For \( SP _2\), just like in previous approaches [4, 18, 19], we firstly make the product of the system model \( DF \) and the clock definitions \(c_{p'}\triangleq c_{p}\$ 1\), \(c_{p''}\triangleq c_{p'}\varpropto 3\). As indicated in Fig. 1, this product can then be captured by an SEP program. A similar verification procedure as above can be carried out.

6 Related Work

Previous approaches [18, 19] for the verification of CCSL specifications are mainly based on model checking, where the reachability analysis is made for the product of the system model and the CCSL specification. When the CCSL specification is unsafe, a bound needs to be set to avoid the enumeration of infinite number of states. Our approach is based on theorem proving and SMT-checking, which provides a unified framework under which both safe and unsafe CCSL specifications can be analyzed.

Another subject of analysis for CCSL is to find a schedule of a given CCSL specification [3, 13, 20], where no system models were involved. The earliest approach [3] combined BDD-based boolean solving and the rewriting on clock expressions, while the method in [20] was based on the rewriting logic in Maude. In [13], the schedule was found by solving an UFLIA formula that encodes the CCSL specification through an SMT-checking procedure. Comparing with [13], we propose a proof system to transform the CDL formula into QF-AFOL formulas, which are more efficient for an SMT-checking procedure to solve.
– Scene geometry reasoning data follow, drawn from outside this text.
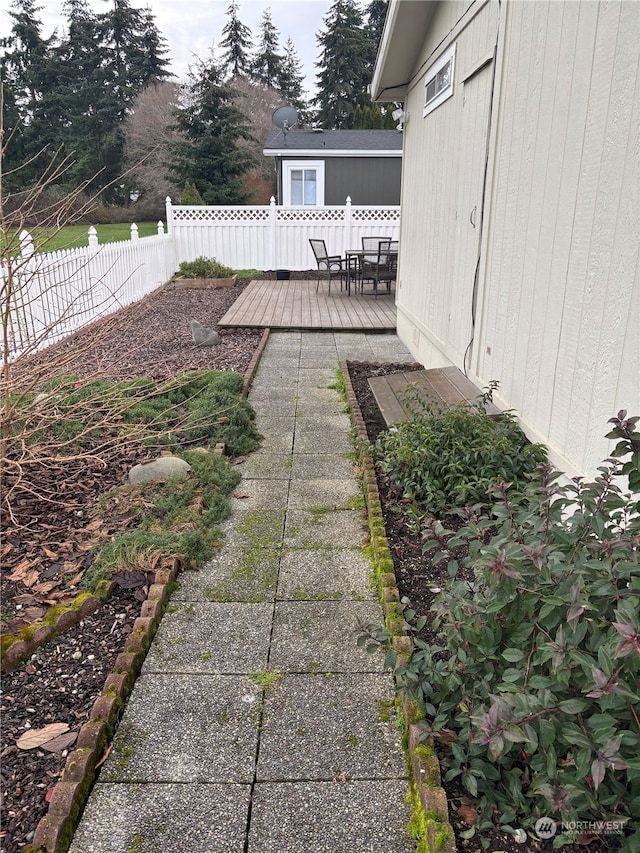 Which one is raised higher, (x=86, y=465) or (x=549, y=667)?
(x=549, y=667)

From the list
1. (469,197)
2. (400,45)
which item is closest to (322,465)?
(469,197)

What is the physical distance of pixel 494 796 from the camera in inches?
66.3

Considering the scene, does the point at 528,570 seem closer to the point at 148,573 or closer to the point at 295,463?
the point at 148,573

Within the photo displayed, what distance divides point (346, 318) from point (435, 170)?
345 centimetres

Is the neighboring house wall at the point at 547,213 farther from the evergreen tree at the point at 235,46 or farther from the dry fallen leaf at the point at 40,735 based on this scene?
the evergreen tree at the point at 235,46

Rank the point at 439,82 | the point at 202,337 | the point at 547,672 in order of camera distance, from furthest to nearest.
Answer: the point at 202,337
the point at 439,82
the point at 547,672

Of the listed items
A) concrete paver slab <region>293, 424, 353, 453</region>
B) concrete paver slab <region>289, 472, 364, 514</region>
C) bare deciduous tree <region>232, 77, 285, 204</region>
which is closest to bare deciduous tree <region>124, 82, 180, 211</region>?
bare deciduous tree <region>232, 77, 285, 204</region>

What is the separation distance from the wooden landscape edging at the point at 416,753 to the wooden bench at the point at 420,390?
1496 millimetres

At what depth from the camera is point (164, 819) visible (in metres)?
1.75

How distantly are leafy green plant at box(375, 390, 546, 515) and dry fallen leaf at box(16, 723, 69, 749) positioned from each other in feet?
6.85

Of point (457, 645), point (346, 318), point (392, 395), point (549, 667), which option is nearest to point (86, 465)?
point (392, 395)

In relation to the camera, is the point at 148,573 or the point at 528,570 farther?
the point at 148,573

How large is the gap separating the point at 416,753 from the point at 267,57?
1663 inches

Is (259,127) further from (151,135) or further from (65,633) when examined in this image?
(65,633) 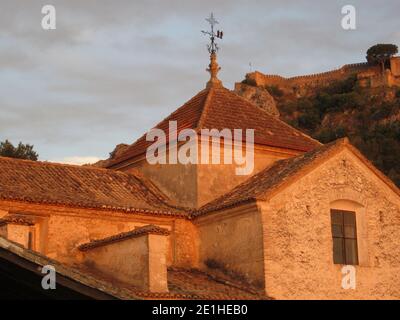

CDL is largely based on the traditional FODL [8] and its rules \((\pi [;])\), \((\pi [\cup ])\), \((\pi [*]u)\), \((\pi [*]i)\) are inspired from the Differential Dynamic Temporal Logic (DDTL), a dynamic logic for verification of hybrid systems [16, 21]. In DDTL, the program supports a continuous time model with differential equations embedded into it. Our SEP supports a discrete time model with synchronous mechanism which we think would be more friendly for modelling RTESs.

7 Conclusion and Future Work

In this paper, we propose a logical approach for verification of CCSL specifications. We build a variation of dynamic logic called CDL to capture the verification problem, and a proof system to provide the verification support. We give a case study to illustrate how CDL can be used for verifying CCSL specifications.

Unlike traditional synchronous programming languages, SEP only supports sequential models. We shall present a concurrent extension in a future work by adding a ‘\(\parallel \)’ operator. We also consider mechanizing CDL with the popular theorem prover Coq in order to see more practical potentials for this method.